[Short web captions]

⁂

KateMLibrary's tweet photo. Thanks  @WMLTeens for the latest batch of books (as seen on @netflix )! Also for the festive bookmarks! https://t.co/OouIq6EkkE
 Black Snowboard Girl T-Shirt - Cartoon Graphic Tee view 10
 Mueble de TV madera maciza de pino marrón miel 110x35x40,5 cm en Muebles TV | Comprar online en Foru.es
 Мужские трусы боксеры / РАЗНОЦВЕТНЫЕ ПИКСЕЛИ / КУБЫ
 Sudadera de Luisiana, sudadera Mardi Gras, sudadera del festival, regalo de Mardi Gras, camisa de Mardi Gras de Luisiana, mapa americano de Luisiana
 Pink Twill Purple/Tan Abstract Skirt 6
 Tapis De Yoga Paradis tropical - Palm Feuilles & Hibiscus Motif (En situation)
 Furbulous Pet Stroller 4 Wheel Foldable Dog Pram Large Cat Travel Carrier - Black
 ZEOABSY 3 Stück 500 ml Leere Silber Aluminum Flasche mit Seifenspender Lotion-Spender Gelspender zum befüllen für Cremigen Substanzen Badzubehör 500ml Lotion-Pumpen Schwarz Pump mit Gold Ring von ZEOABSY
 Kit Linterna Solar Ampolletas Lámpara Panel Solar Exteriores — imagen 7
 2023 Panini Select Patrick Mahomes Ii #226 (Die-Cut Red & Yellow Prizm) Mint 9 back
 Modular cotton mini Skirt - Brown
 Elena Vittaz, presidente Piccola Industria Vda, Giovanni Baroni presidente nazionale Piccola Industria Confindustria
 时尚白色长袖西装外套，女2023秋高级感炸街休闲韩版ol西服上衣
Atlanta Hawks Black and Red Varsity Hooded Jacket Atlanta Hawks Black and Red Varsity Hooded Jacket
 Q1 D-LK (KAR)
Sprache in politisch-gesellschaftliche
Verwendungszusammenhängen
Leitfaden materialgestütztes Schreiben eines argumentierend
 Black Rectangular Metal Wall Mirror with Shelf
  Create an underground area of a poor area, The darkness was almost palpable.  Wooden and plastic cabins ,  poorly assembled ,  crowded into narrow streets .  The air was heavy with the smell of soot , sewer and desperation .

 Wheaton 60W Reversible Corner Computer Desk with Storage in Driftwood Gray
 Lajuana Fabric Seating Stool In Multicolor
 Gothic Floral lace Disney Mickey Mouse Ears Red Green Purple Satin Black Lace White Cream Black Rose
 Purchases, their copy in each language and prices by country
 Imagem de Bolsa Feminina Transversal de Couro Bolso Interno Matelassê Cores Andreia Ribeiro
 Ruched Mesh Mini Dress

⁂

> [What is expected]:
From the records above, copy every line that holds the word "with".

> [Exercise solution]:
 Black Rectangular Metal Wall Mirror with Shelf
  Create an underground area of a poor area, The darkness was almost palpable.  Wooden and plastic cabins ,  poorly assembled ,  crowded into narrow streets .  The air was heavy with the smell of soot , sewer and desperation .
 Wheaton 60W Reversible Corner Computer Desk with Storage in Driftwood Gray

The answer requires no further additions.